Thank you for joining. I'm pleased to announce the second round of Choice Neighborhoods planning grants to 13 different communities around the country.
This is an important moment. Today, more than 10 million people live in neighborhoods of concentrated poverty -- surrounded by disinvestment, failing schools, troubled housing, and, worst of all, virtually no path to opportunity for themselves or their children.
In fact, research shows that one of the most important factors in determining whether or not children will do better financially than their parents is whether or not they grow up in one of these high-poverty neighborhoods.
The fact that we can predict health, economic, and educational outcomes of children based on zip code is a tragedy. And it's not who we are as Americans.
That's why the White House has pursued an interagency Neighborhood Revitalization Initiative that supports local leaders who are working to transform distressed communities into the sustainable, mixed-income neighborhoods with the affordable housing, the safe streets and the good schools that every family needs.
At the center of this initiative is Choice Neighborhoods, which builds on the HOPE VI public housing revitalization program pioneered by my predecessors at HUD, Secretaries Jack Kemp and Henry Cisneros.

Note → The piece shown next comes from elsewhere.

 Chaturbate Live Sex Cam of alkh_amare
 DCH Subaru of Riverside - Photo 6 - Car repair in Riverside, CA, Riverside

With strong bipartisan support, HOPE VI created nearly 90,000 homes in healthy, mixed-income communities that were once troubled by distressed public housing -- leveraging twice the federal investment in additional private development capital and raising the average income of residents by 75 percent or more.
HOPE VI was one of the great housing successes of the last generation. And with Choice Neighborhoods, including the $3.6 million planning grants we are awarding to 13 communities today, we intend to help communities bring that model of success to neighborhoods across the country.
With Choice Neighborhoods, local leaders can use the same mixed-finance tools HOPE VI used to transform not just public housing in neighborhoods with high rates of poverty, but privately owned affordable housing as well.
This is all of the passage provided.